I had to make my bedroom my own. I decided to stay in the rainbow room across the hall from the boys. I wanted to be able to hear them if they woke up, and I didn’t want to return to the bedroom that Mike and I had shared. I was scared of what dreams might come to me there.
Mike had continued appearing to me in my sleep; he was always returning from a long time away, another trip, another coma. He always arrived on the steps of the house, on the outside looking in. In the shock of his arrival, I struggled to collect my thoughts and find something to say, and before I could say much, he always disappeared. Sometimes the dreams were so vivid that after I woke up, I had to scan through my memories like files in a cabinet, remembering that I did watch him die.
I hired a decorator to take the hard but necessary decisions out of my hands. I found Bob. My tastes were becoming more feminine in the absence of Mike, and Bob seemed to understand what I needed. He stood in the room and announced that he wanted to see it painted a deep antique pink. I had a piece of pine furniture that I wanted to keep; he would find a four-poster bed to match. He would also find a loveseat, cream-colored and frilly, and he already knew which polished lamps he would bring in to complete the space. It would be indisputably mine, a palace fit for a princess. I smiled at him and nodded: Let’s do it.

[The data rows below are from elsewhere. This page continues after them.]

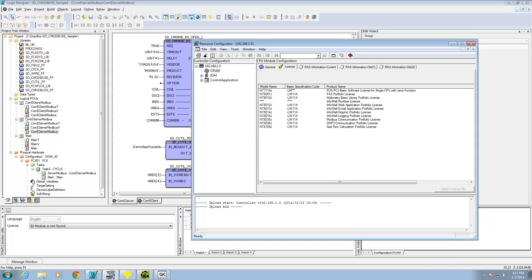Hi there, this is Andrew Brody with Yokogawa. Today I'd like to give you a quick demonstration of how to get the Stardom controller connected to Kepware OPC server via Modbus Ethernet, as well as the Yokogawa YView HMI panel. I'm going to take you through some of the steps necessary to make all this happen.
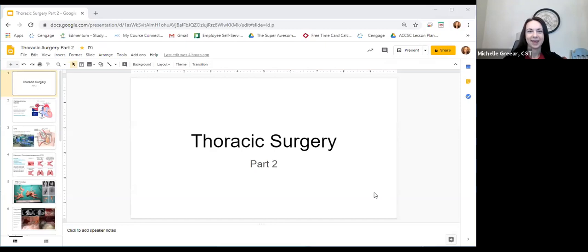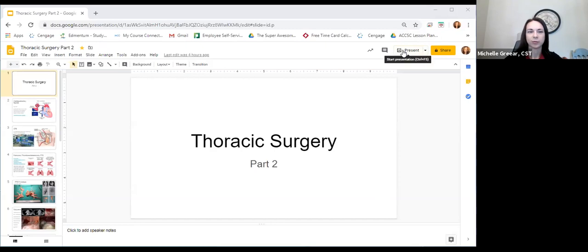Hi everybody. So I'm back. I'm going to do part two of the thoracic and pulmonary lecture. Your course is thoracic and pulmonary, but my slides say thoracic surgery because that's what it says in your book. We start talking a little bit today about going on bypass, getting you ready for next week and cardiac surgery. This is thoracic surgery part two — you should not need your orange book today.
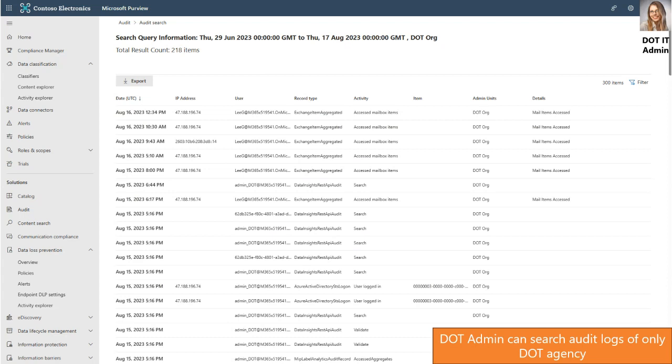So we've seen how to create admin units, the policy experience from the agency admin perspective, as well as from the end user perspective. Now I'll hand over to Leo to see the demo and policy experience from the Contoso admin's perspective.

Not long after, the painters arrived with their drop cloths and rollers. I showed them into the room, empty now except for Max’s yellow walls and Mike’s rainbow. I stood and watched while the painters pried open the cans and poured the thick pink paint into their trays. Their rollers soon ran over the walls with quick, practiced strokes. It had taken Mike hours to paint his rainbow. Now it vanished in seconds.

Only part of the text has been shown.